• _Task instructions_: Using the data that follows, give again word for word the lines between the one holding "Vicoli del cuore libro di Cecconello Paola" and the one holding "無料おかまアダルト動画、セックス、チューブ動画、XXX写真 - XNXX.JP.NET", inclusive. Omit the pictures.
━━━━━ Record set ━━━━━
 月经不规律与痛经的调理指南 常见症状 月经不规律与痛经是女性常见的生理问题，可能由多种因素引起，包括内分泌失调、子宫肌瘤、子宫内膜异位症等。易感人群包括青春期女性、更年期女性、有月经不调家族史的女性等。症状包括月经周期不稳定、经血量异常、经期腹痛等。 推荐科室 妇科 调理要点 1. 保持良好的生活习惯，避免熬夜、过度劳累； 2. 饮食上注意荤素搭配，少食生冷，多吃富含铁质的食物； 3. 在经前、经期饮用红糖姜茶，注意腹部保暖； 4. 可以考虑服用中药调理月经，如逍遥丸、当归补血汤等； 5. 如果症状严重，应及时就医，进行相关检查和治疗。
━━━━━
━━━━━ Record set ━━━━━
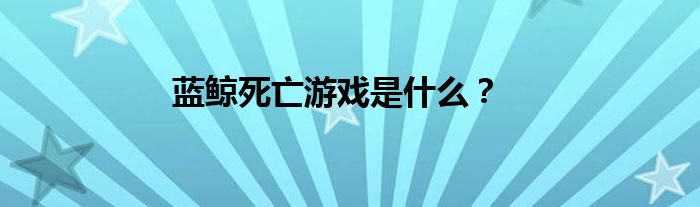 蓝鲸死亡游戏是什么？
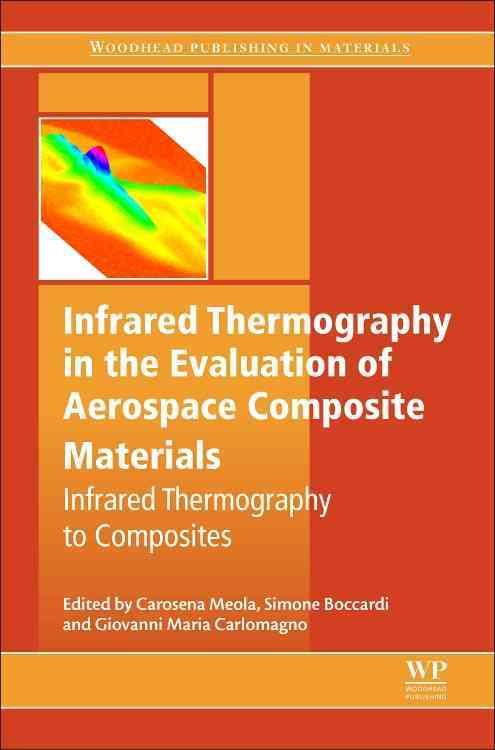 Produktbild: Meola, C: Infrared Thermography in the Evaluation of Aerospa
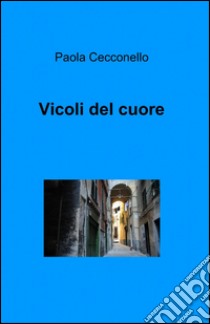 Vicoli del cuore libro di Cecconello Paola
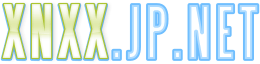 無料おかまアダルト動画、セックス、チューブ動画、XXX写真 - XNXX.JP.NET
━━━━━
• _Result for this exercise_:
 Vicoli del cuore libro di Cecconello Paola
 無料おかまアダルト動画、セックス、チューブ動画、XXX写真 - XNXX.JP.NET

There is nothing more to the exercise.